Inhalant Abuse on the Rise Among Young People
Sept. 30, 1999 (Atlanta) -- The word "huffing" may evoke a nursery rhyme, but it's also the term used for an increasingly common activity that's anything but child's play. The rate of huffing, or inhaling concentrated fumes -- often from common household items -- has nearly doubled among young people in the last decade, according to the American Academy of Pediatrics (AAP).
The AAP sponsored a nationwide survey of 600 children aged 10-17. Nearly 20% of the eighth graders in that group said they have tried to use inhalants to get "high." Almost two-thirds said they know what huffing is, and just over one-quarter have seen or heard about peers who huff, also called 'glue sniffing' or 'bagging.' In fact, the amount of abuse among young people could be on par with drugs and alcohol, Ed Jacobs, MD, chairman of the committee on substance abuse for the AAP, tells WebMD.
The survey underscores the fact that using inhalants is not an exceedingly rare event, and it is actually more common than many parents thought, according to Jacobs.
The study shows children are an average of 12 years old when they first learn about the activity. "I think the thing that needs to be stressed about this survey is that [huffing] is indeed a phenomenon that preadolescents participate in.

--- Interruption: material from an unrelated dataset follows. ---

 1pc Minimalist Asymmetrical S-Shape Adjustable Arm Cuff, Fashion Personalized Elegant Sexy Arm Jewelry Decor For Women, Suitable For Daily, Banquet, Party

This is a phenomenon that kids 8, 9, 10, 11, 12 years old are clearly aware of, and I think that's significant," says Jacobs.
The ease of access to inhalants makes the problem difficult to detect, and helps create a perception that the problem is not as acute among young people as alcohol, drugs, or tobacco, according to Jacobs. Over 1,000 common items, from cooking spray to paint to glue to gasoline, can give off the necessary fumes. The medical drug nitrous oxide is also a popular inhalant.
The effect for the user can be a temporary euphoria. But the damage can be deadly, even for first-time users. The toxic chemicals can also cause bad headaches, hallucinations, nausea, or muscle spasms. Short-term memory loss and permanent brain damage also may occur.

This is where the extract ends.